Right now, someone is questioning whether I care about missions at all. You see, that is the problem. I do care about the spread of the gospel. But we have elevated what is seen and what is radical to the point where all other activity (or seeming lack of activity) leads people to think one may not care. That may be damnable. We must assume there are untold numbers of men and women spreading the gospel of grace quietly throughout their community and making it possible financially for others to go without making a big deal about it and telling everyone on facebook they are doing it.
Part of the problem may be we have made Paul our only hero and not the nameless recipients of his letters. Who would want to be like one of the unknowns when you can be like Paul? What pastor would want to be simply one of Timothy’s appointed elders, never known and never mentioned? What man would want to be simply a day-laborer, who has believed the gospel and against the trends of the day treats his wife and children with dignity and affection, dealing honestly with his neighbors? What woman would want to be a nameless mother who at the risk of ridicule and inconvenience, huddles with other brothers and sisters in The Way and listens to a nameless teacher about Jesus? It is all so mundane.
It is almost like a new legalism is emerging. “Quit your job. Do something crazy. Pick up and move. If you do not then you are suspiciously lacking in the necessary requirements of what we deem ‘spiritual.’
The rock-star preacher thing isn’t helping either.
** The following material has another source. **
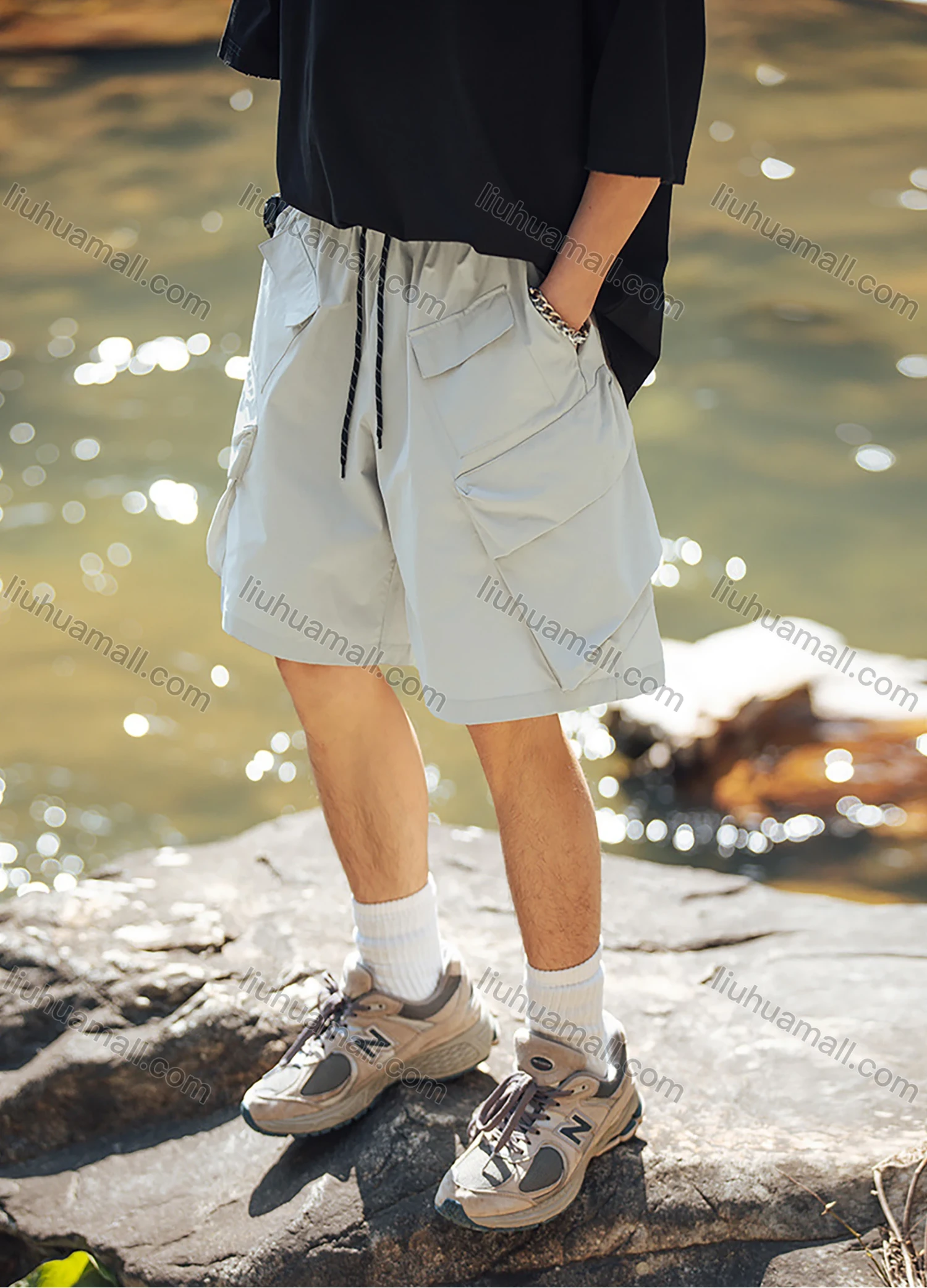 Wholesale Men's Casual Plain Multiple Pockets Elastic Waist Drawstring Shorts - Liuhuamall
Life seems so mundane after watching them, reading about them and then listening to them. Changing diapers and paying bills on time and being generous and holding the hand of your spouse and caring about your aging parents and having deep friendships and being committed to the church and crying with those who hurt — well, its just not radical enough. So absolutely mundane. And I fear that for most “ordinary Christians”, they do not worship a God who can be glorified in the mundane.